Published:Sunday | July 3, 2016 | 7:00 AMCurtis Campbell
Musician and educator Ibo Cooper

Chairman of the Jamaica Reggae Industry Association, Ibo Cooper, in a recent interview with The Sunday Gleaner, said that the music should be allowed to change with time. According to the former Third World band member, if ska changed into rocksteady and rocksteady changed into reggae, who gives purists the right to say that the sound of reggae and dancehall should not change?

Ibo believes the youth must be allowed to add their own flavour to the music industry without being judged by purists and blocked by the self-proclaimed gatekeepers, who sometimes cast the blame for decline in record sales on the new generation.

"We can't be planting the same thing and reaping the same thing. We must not be afraid of change. When ska became rocksteady and when rocksteady became reggae, we were changing. But after a while, we started to say it must go this way. People must know tradition should not be stagnant," he said.

Record producer Stephen McGregor led a change in dancehall music in the early 2000s with unique rhythms like the 'Tremor' and 'Power Cut'. However, as the young producer grew in popularity, many critics complained that the rhythms were not authentic dancehall.

The latter years saw McGregor releasing new rhythms with a more authentic dancehall feel, like the 'Pepper' rhythm, which featured Shabba Ranks.

However, Cooper believe 'Di Genius' should have stayed with his formula.

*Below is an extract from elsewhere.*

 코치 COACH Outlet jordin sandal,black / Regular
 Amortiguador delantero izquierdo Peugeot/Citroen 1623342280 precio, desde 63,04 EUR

"Stephen shouldn't have stopped. Anybody who has changed culture always get fight because the people hear it in the context of what they are listening to at the present time, but in the future, it might be the biggest thing. So the real artiste never stops. Him a do him thing. People like Lee 'Scratch' Perry and Niney never cared. Dem man deh were the cutting edge of change in the music and they took criticism, too," he said.

 

FAIR SHARE OF CRITICISM

 

Cooper also said the iconic Third World reggae band endured its fair share of criticism during its formative years. However, its work withstood the test of time and even influenced the direction of reggae as it relates to cadence and sound.

"Some people come into the thing and want to be an authority in it, and that is what keeps it back. Music is infinite and what is coming next, I don't know, because its creativity. How yu a go create if yuh stuck? That was what made Third World different. Some man a purist and dem make the thing stagnant. When Third World came with Now That We Found Love, they called us 'Hollywood Dread', but then Bunny Wailer came with Electric Boogie, and then Peter Tosh came as well. We do not worry about people who want to [remain] stuck, we make music for the world," Cooper said.